There was a farmer selling a healthy crop of sour cherries at the farmer’s market this morning. We don’t see them often–the birds and squirrels like them too well.
When I was a child, my grandfather and his brothers all had gentlemen’s farms (that phrase tickles me) in the part of the state near the Greenbrier Hotel. I can remember going to the Asbury farm when I was very, very small. Too small to have many specific memories of those trips at all. I remember the peacocks, and the caretaker’s son, who told me it was bad luck to bring the feathers inside. “It brings in the evil eye,” he’d said, and then for years I wouldn’t touch peacock feathers because I thought they caused pink-eye. I remember pitting cherries in a scratchy, red wool sweater with my mother and my cousin Lynnie. Those two memories are all I have of those summers.

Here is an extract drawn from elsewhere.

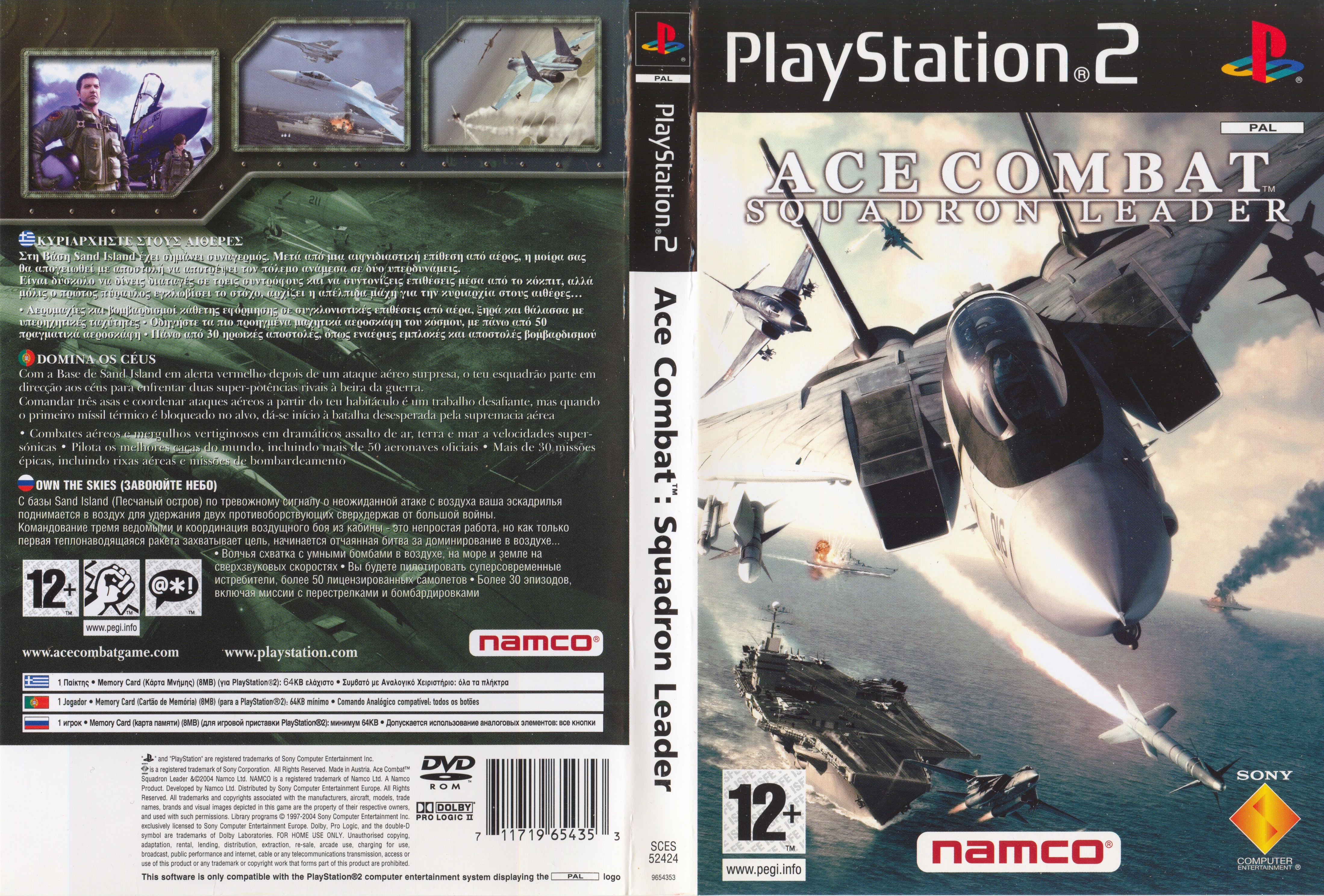 ia-Sony-PlayStation-2-Ace-Combat-5-The-Unsung-War-RU-Keep-Case.jpg.jpg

So, home from the market, I’ve made two batches of jam this morning. One, the traditional sour cherry that tastes like pie filling. The other, an experiment, is made of sour cherries and kumquats. Sort of half-jam, half-marmalade.
It tastes wonderful coming out of the pot, and so far (an hour into the jars), seems to have set up well. Here is the recipe for anyone feeling adventurous and lucky enough to have a good supply of sour cherries.
Sour Cherry and Kumquat Jam
Makes 7 half pints
- 4 cups sour cherries, pitted, stemmed, and coursely chopped
- 1 cup kumquts, very thinly sliced
- 4 3/4 cups sugar
- 1 tsp butter (to prevent foaming–optional)
- 1 packet Sure-Jell liquid pectin
Process the jelly jars for preserving.
Put fruit, pectin and butter into a non-reactive pot. Bring mixture to a rolling boil, stirring constantly.
Stir pectin into fruit and add butter, then bring the mixture to a rolling boil. Stir in sugar and return to rolling boil for one minute. Using a canning funnels, ladel into prepared jars.